Medical Assistance in Dying Bill | Human dignity, a bulwark against dementophobia

Ageism, ableism and the stigmatization of mental health are at the root of the desire to allow medical assistance in dying (MAID) by advance medical directives, as proposed by Quebec in Bill 38. This crossroads of discrimination leads to what I call dementophobia.

Posted at 1:00 p.m.

Felix Pageau

Felix Pageau
Geriatrician

The latter is accepted and even encouraged. This term is not yet officially part of the medical literature, but I suggest it as this fear of people with dementia. Indeed, dementophobia is to dementia what xenophobia is to immigration.

Although I understand, as a doctor, the importance to be given to specific phobias (eg fear of needles), this is not the case with dementophobia.

Admittedly, people with dementia are afraid of becoming like those whose condition repels them, because they are both old (ageism), live with physical and mental disabilities (capabilism) and suffer from psychiatric problems (stigmatization of mental health).

Dementophobia is a form of fear that can lead to repulsion.

From the outset, the lack of recognition of human dignity for people with dementia is central to the dementophobic perspective, defended by the Special Commission on the evolution of the Law concerning end-of-life care of 2021 and the College of Physicians of Quebec.

Failing to recognize the unique value of people with major neurocognitive disorder is seriously ethically inaccurate. Horrifyingly, these people are assumed to be worthless if they decide so on their own, subjectively.

Subjective dignity takes precedence.
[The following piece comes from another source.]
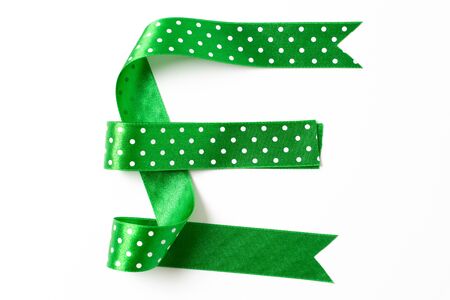 E alphabet letter font green ribbons label on white backgroundの写真素材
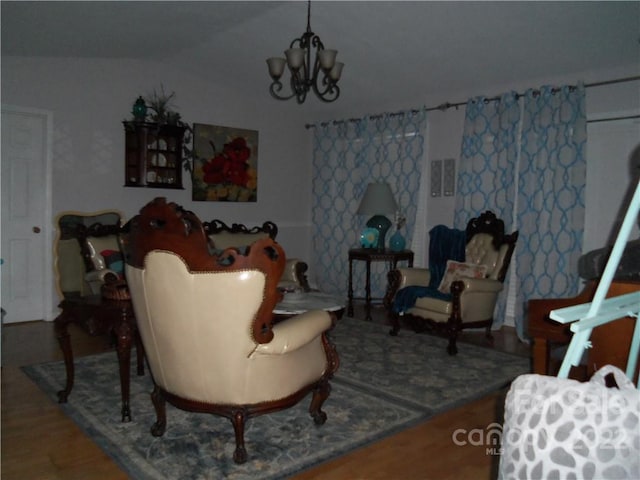 living room with a notable chandelier, lofted ceiling, and hardwood / wood-style flooring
However, the latter cannot exist without dignity defined as intrinsic.

Also, intrinsic dignity ethically prohibits the euthanasia of the person suffering from dementia and incapacitated, because despite the handicaps and mental or cognitive illnesses, this individual still has an inextricable absolute value.

Also, by defending the supposed “right to die with dignity” in dementia, we encourage the unjustified discrimination of people living with disabilities. Indeed, it is thus suggested that their life is not worth living, because they would be too dependent and, therefore, without dignity.

In addition, dementophobia can be internalized, that is to say that a person comes to believe the contemptuous remarks made about him. A person with dementia will then believe that he is no longer worth anything, since his entourage and the too often dementophobic society often repeat it to him openly or insidiously.

The internalization of dementophobia then has a significant impact. Dementophobia needs more study, but it is otherwise evident that there is ageism, ableism, and mental health stigma, both ambient and internalized.

Also, we must consider the very small number of specialized physicians to assess the suffering of people with dementia in Quebec. The geriatricians of La Belle Province will not be enough to assess the suffering of people with dementia, especially considering the lack of conclusive data.

Those who falsely claim the existence of scales validated by science for evaluating suffering in dementia are dangerously close to quackery. Assessing them with certainty is more of an art than a science that is never certain and always by trial and error.

It is important to provide real care to people with dementia out of respect for their dignity and they should not be encouraged to die by MAID in the context of dementophobia.

I would have liked to express these reservations before the parliamentary committee studying Bill 38, but I note the exclusion of all voices opposed to MAID by advance requests during recent public hearings.